Exercise aim: Nothing but the lines from the first line of the records below to the line holding "in formation Framed" belongs in the answer, copied exactly and without pictures.

Supplied data:

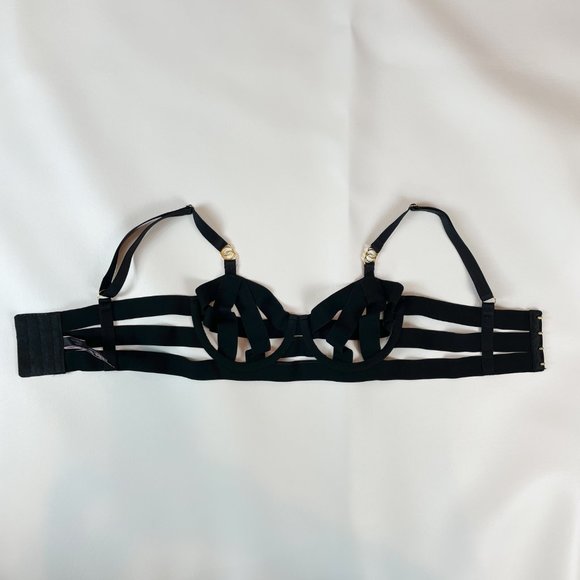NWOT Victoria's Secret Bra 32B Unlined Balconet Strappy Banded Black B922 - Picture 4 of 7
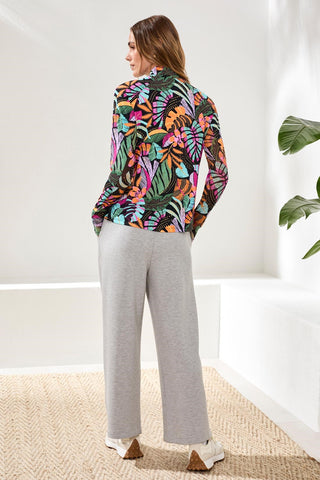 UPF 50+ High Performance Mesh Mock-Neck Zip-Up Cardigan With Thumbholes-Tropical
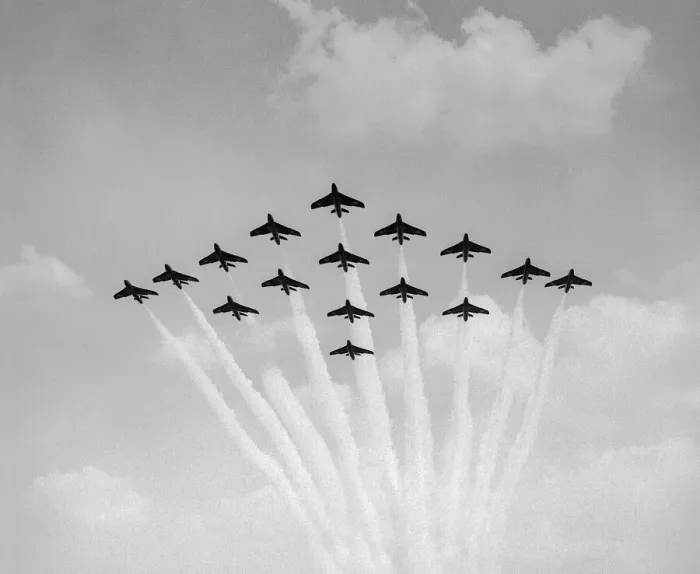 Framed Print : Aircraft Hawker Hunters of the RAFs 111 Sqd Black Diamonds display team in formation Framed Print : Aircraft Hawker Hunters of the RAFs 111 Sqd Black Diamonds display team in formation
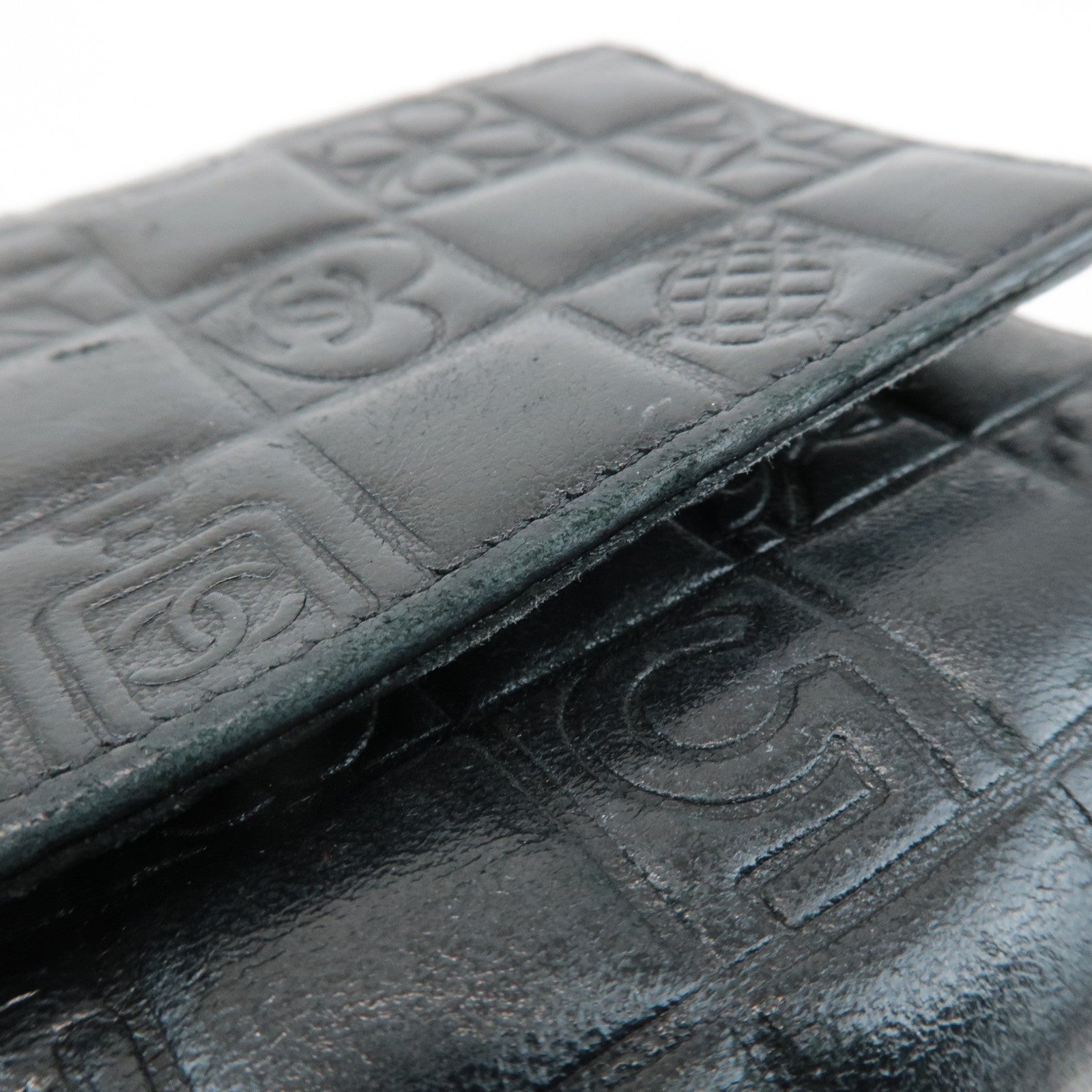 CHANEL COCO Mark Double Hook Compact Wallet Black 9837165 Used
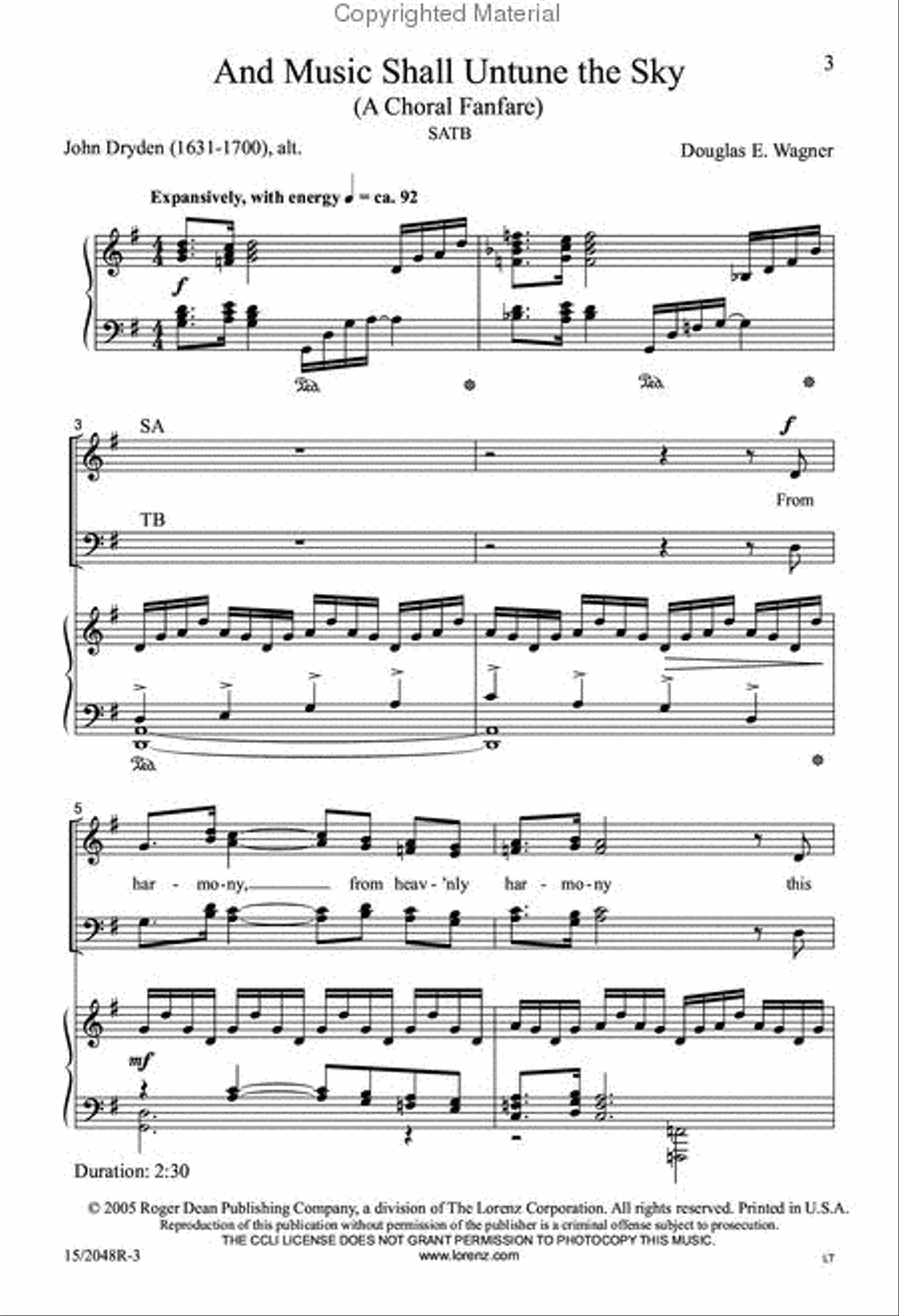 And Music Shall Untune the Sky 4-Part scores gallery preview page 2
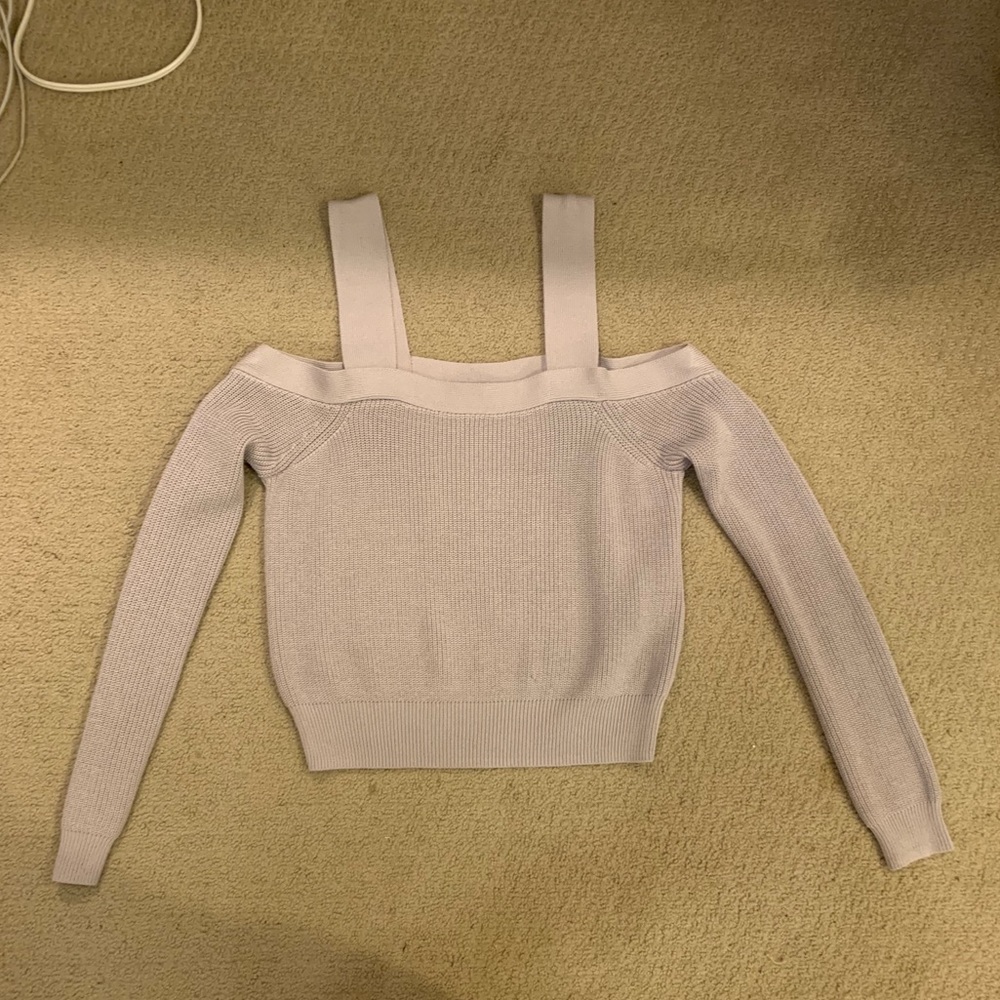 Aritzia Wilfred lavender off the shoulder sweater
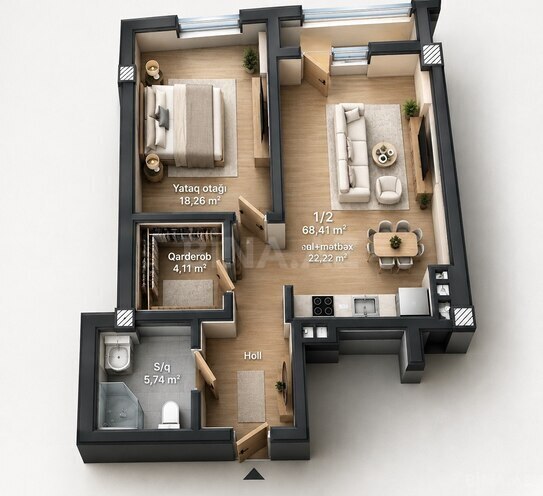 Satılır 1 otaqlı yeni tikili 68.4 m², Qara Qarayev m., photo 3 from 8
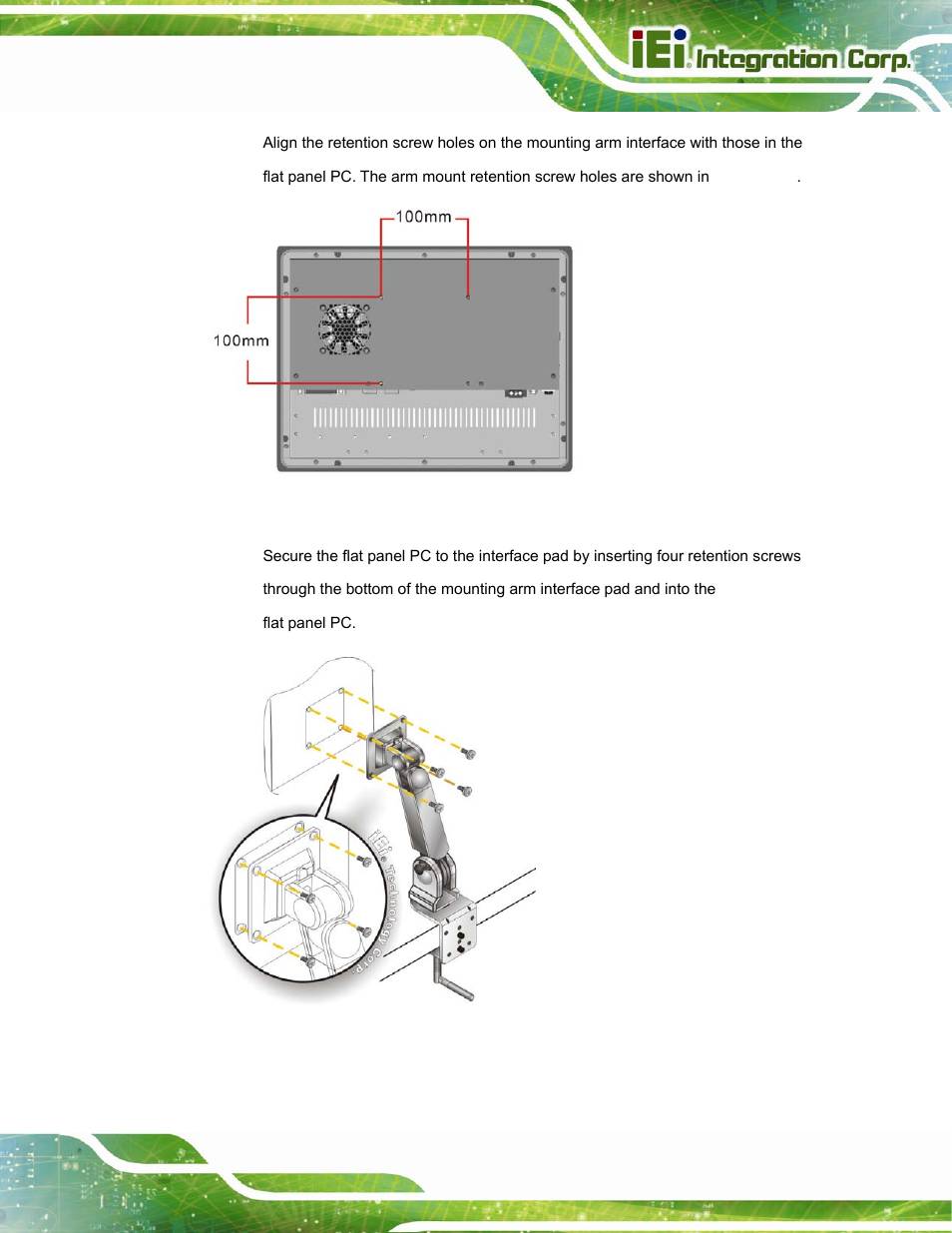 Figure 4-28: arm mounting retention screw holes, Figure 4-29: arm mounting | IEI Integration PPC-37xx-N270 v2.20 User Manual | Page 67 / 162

Solution:
NWOT Victoria's Secret Bra 32B Unlined Balconet Strappy Banded Black B922 - Picture 4 of 7
 UPF 50+ High Performance Mesh Mock-Neck Zip-Up Cardigan With Thumbholes-Tropical
 Framed Print : Aircraft Hawker Hunters of the RAFs 111 Sqd Black Diamonds display team in formation Framed Print : Aircraft Hawker Hunters of the RAFs 111 Sqd Black Diamonds display team in formation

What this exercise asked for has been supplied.